The upshot of that was we lived in our house throughout the complete installation of a air conditioning system that never existed previously throughout the house, painters decorating every room, a bedroom ceiling that collapsed because of water leaks through the roof and, thereafter, plaster-work on the ceiling and installation of a new roof. Needless to say, this was all a lot of work, and a lot of mess to live in, as well as a lot of money needing to be spent. I was done with it by the time we left, and was looking forward to living in rented accommodation again where it would be someone else’s responsibility, time and money to fix things.
When we return I know there are various other upgrades needed such as new bathrooms and re-surfaced hardwood floors (the toilet flooded through the living room ceiling and damaged the floors while we were gone). These are not appealing projects to undertake. Yes, we signed up for an old house (mainly to live in a great location close to downtown, and because I am British and love old stuff), and we acknowledge extra work is the price for that. But still, these renovations will take months and it’s not an appealing task that lures one back.
How can I make the most of the time left…?
As I walked home after hearing the news, one pressing question that helped me to deal with it in a productive way and focus on the good was to start thinking through “how can I make the most of the time we have left in Bangkok?”.
I resolve to make a chart of all the things I would want to have experienced and have accomplished by the time we leave Bangkok. It includes volunteer work, art activities, sightseeing activities, a meditation retreat, a Thai cooking class and trips to a couple of spots around Thailand.
Time waits for no-one…
As I’ve been writing this piece, the afternoon’s gray fog and heavy tropical rains have turned into darkness with Bangkok’s skyscraper buildings and malls all lit up around us, sparkling away.

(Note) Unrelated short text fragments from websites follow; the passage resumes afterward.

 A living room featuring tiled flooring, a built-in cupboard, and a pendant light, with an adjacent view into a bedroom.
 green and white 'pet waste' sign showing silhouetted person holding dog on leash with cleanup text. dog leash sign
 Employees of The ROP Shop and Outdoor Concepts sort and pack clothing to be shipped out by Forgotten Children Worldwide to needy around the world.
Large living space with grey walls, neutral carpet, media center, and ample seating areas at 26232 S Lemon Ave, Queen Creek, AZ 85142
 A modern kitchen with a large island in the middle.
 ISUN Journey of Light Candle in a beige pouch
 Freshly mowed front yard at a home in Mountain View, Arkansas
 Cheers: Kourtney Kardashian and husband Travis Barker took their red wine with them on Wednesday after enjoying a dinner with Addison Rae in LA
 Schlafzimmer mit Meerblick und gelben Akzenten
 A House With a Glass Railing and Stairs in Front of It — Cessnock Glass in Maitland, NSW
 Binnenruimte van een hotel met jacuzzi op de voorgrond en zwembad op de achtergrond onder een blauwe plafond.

I ready my baby for bed and, as is our nightly bedtime routine, we go around and close all the curtains and say “goodnight Bangkok, goodnight lights, see you tomorrow”. Only now we know the tomorrows are limited, and this phrase takes on new meaning. How to make the most of all the tomorrows we have left in Bangkok…?
(p.s. I often refer to home like this ‘home’, because neither my partner or I are actually from the place that we are being returned to, but it comes as close to what either of us consider our ‘home’ aside from where our parents live, in different countries. And it’s the place his employer recognizes as the ‘home’ or headquarter office).